There but for the Grace of God

With lots of things going on in this world and in the US, I’ve spent a lot of time contemplating the phrase “there but for the Grace of God”. I don’t mean to presume that God loves me more than he loves someone else, by any means, as I often joke that there’s a gold-plated chair in hell for me.

My circumstances are pretty awesome. I happen to have been born into a white middle-class family who valued education where abuse wasn’t in our vocabulary. I’m healthy (well, nothing a little less laziness, and a little more attention to what I eat can’t fix). I don’t have issues learning in a traditional format or working in a traditional format so I fit into the “traditional” mold. My parents could afford to help me get a great education. My life, and that of my kids is pretty sweet.

But, then, you hear about these moms who have buried their sons and daughters for things as heinous as not using a blinker… I think of the moms who are sending their kids across the border to try and get a better life because it’s better to be without the mom in a foreign country than stay home. I think of the parents who are trying to get to another country on a raft I wouldn’t let my kids use in a swimming pool. I think of parents who are working 3 jobs so they can afford to feed their kid(s) and never see them.

You can bet your sweet bippy that if my choice was to stay in a war-torn country where the odds are 50/50 my children and I can die, or take some crazy chances to get out, I’d be looking to get out. Legally or not. If the law isn’t going to keep my kids and I safe, I’m not going to give two figs about the law. I can’t imagine living in this country where my skin color would put me at risk for walking down the street.
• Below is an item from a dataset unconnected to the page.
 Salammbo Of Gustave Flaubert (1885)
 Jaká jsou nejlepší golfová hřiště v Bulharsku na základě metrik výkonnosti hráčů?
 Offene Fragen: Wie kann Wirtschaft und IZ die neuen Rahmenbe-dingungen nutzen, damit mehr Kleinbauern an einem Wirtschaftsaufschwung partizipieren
I understand the men and women who are protesting in inconvenient locations (freeways, malls) because they are sick and tired of worrying about their kids every time they walk out the door solely because their color makes them a target. Protesting on the freeway and inconveniencing some people for a night when I’m at risk every day, yah, I can get why they are doing that. There but for the Grace of God, these are not scenarios I face day in and day out.
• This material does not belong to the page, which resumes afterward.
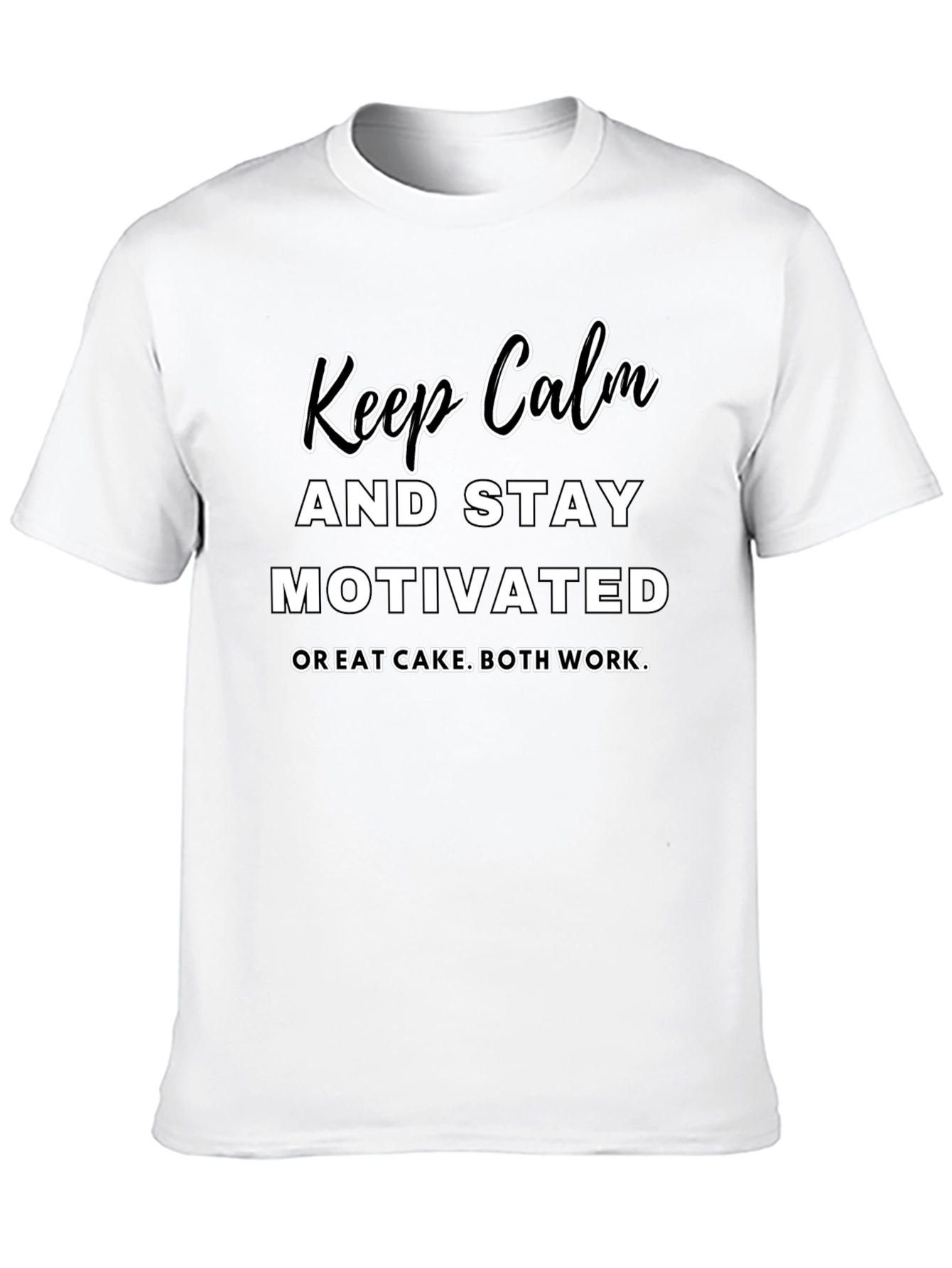Keep Calm & Stay Motivated T-Shirt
Right behind “there but for the Grace of God” is “where much is given, much is expected.” Sometimes when I watch the rhetoric (and no, I didn’t watch the Republican debate), I think we’ve lost our way as that “city on the hill”. We’ve been given (or we took) a country with some phenomenal natural resources. We have had some leaders drive us through some dire times. We have the geographic distance from so much of the rest of the world, that we’ve been privileged to avoid so much of the world’s problems.

We have forgotten that we have a responsibility to everyone on this earth to do our best to make this a better place to live. We have forgotten that we have founded this nation on the words of “Give me your tired, your poor. your huddled masses yearning to breathe free… I lift my lamp besides the golden door” (Emma Lazarus). We have forgotten that “All men [and women] are created equal.”

We have forgotten the parable of the Good Samaritan. We are blithely walking by the men and women in this world who have been beaten and robbed, whether of their goods or their human dignity. We seem to have taken a philosophy that since my life is hard, I don’t have any sympathy left for someone else. Not only do I not have any sympathy, I also no longer have any energy to care about anyone who is different than me. Oh sure, if a natural disaster hits, we’ll give some nominal money to assuage our consciousness. But we’re not giving our comfort, real money, real effort.

I am far from innocent in this. I’m definitely guilty of paying attention to that which is close to home. And not worrying about my neighbor unless something brings their pain to my attention. We need to do better about remembering our neighbors are across this world as well as in our back pocket. Our neighbors are people trying to save their lives and the lives of their family whether they are in a war-torn nation or a poverty stricken part of Detroit. Our neighbors are those fighting for the Republican nomination (even though I personally can’t stand what comes out of many of their mouths). Our neighbors are those who areĀ  trying to go to school, go to work, raise a family, not raise a family. Our neighbors are those humans who are inhabiting our earth with us.